O outro relato constrangedor é sobre assédio. “Do nada, um engenheiro novo na equipe começou a me enviar mensagens por e-mail de conotação sexual. Me senti muito mal. Não sabia se realmente deveria procurar os canais da empresa e acabei eu mesma cortando ele, que felizmente desistiu”, desabafa uma delas.
Também teve a que foi pedir um favor de trabalho para um colega pelo WhatsApp e a resposta foi uma intimidade sexual. “Do nada, ele achou que podia falar aquelas coisas que ele não diria se fosse um colega homem”, reclama.
Uma terceira disse que mudou a forma de ser. “Sempre fui comunicativa e vaidosa. Gostava de fazer muitas fotos nas minhas redes sociais. Quando entrei no mercado [da mineração] parei. Fui me policiando porque as pessoas do trabalho me seguem nas redes, aí me intimidei. Hoje, se faço a sobrancelha já fico imaginando como vai ser a reação para não chamar muito a atenção no dia seguinte”, pontua.
Ela agora também só usa batons claros. “Me sinto desconfortável com as cores fortes”, conta. Essa engenheira sofreu com assédio moral desde quando ainda era estudante.
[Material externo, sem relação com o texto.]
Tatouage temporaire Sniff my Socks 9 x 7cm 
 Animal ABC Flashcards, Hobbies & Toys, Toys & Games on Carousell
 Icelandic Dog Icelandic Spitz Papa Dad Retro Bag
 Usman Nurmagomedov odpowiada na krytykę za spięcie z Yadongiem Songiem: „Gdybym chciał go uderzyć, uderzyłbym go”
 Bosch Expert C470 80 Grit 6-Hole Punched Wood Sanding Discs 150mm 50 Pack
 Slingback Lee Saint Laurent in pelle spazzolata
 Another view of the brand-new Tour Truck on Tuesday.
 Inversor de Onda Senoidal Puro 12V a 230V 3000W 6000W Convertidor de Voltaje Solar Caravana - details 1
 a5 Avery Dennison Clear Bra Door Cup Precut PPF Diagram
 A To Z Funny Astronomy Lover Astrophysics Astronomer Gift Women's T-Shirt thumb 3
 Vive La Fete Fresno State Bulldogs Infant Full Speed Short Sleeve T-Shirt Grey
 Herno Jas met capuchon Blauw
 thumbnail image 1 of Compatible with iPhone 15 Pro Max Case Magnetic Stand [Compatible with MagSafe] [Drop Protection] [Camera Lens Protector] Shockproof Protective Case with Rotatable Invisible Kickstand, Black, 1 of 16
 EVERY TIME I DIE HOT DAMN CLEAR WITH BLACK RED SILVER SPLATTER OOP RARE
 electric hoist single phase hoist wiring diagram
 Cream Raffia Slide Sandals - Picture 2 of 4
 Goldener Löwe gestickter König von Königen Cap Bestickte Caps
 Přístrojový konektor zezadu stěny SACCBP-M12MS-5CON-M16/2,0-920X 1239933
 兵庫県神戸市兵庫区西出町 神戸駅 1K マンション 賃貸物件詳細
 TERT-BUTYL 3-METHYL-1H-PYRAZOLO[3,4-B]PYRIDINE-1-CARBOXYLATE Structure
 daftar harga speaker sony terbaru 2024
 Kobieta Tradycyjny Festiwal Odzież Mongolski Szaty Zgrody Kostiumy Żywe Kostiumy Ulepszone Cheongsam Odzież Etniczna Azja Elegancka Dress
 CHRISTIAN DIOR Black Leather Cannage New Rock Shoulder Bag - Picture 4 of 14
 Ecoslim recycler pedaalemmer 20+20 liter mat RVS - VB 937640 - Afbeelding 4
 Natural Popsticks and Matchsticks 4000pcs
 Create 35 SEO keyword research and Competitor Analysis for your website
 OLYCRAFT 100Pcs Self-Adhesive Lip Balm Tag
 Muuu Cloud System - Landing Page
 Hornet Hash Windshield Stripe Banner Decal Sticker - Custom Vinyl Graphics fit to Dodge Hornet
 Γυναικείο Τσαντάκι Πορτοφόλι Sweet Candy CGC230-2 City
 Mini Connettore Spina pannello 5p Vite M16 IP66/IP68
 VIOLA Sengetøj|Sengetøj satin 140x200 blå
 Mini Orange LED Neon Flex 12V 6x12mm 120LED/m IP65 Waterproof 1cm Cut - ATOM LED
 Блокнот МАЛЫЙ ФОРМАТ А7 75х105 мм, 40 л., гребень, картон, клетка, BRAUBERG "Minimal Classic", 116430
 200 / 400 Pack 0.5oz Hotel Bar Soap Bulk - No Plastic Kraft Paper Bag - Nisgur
Mas deu “a sorte” de não haver vínculo com o gênero feminino. Durante um estágio em uma mineradora de silicato de potássio, ela enfrentou um chefe que gritava frequentemente com ela, mas também com outras pessoas no ambiente de trabalho. “Era do caráter dele assediar os funcionários e eu não aceitei”, conta.
Uma outra lembra que na época do estágio, os trabalhadores homens de alguns setores com menor formação profissional, como almoxarifado, por exemplo, fingiam que não estavam escutando os pedidos de material que as estagiárias de engenharia de minas apresentavam.
O ato era interpretado por elas como intencional para ignorar uma mulher que logo estaria no mercado dando ordens para esses mesmos setores. Assim, geravam desconforto e desestímulo.
“Contratar mulheres é fácil. A questão é garantir um ambiente seguro para elas. Apesar de haver canais hoje para relatar os casos, ainda é grande o assédio moral e sexual. Aliás, me sinto mais questionada, ou seja, eu tenho de provar mais que eu sei do que estou falando, do que um engenheiro homem, já percebi isso”, especifica uma delas.
Essa situação, inclusive, ainda reflete o desestímulo de algumas mulheres que encaram a profissão. “Pegaram tão pesado com uma colega engenheira que se esforçava demais na empresa, que ela não suportou e pediu demissão. Substituíram ela por um homem que não entrega nem 10% do que ela fazia e ficou tudo bem, não fizeram o mesmo com ele”, lamenta mais uma ouvida.
Uma das profissionais lembra que, no início, alguns colegas de trabalho homens, com o menor grau de formação, a viam como uma “menina de recado”.
“Quando eu dizia algo para os funcionários de menor escalão, me tratavam como a menina de recado de algum chefe, e não como a superior deles. Ou seja, a pessoa que realmente estava dizendo o quê, quando e como fazer o serviço, que era eu, não era aceita”, relata.
Mas ela também não desistiu e hoje é uma das profissionais bem sucedidas citadas na reportagem de segunda-feira.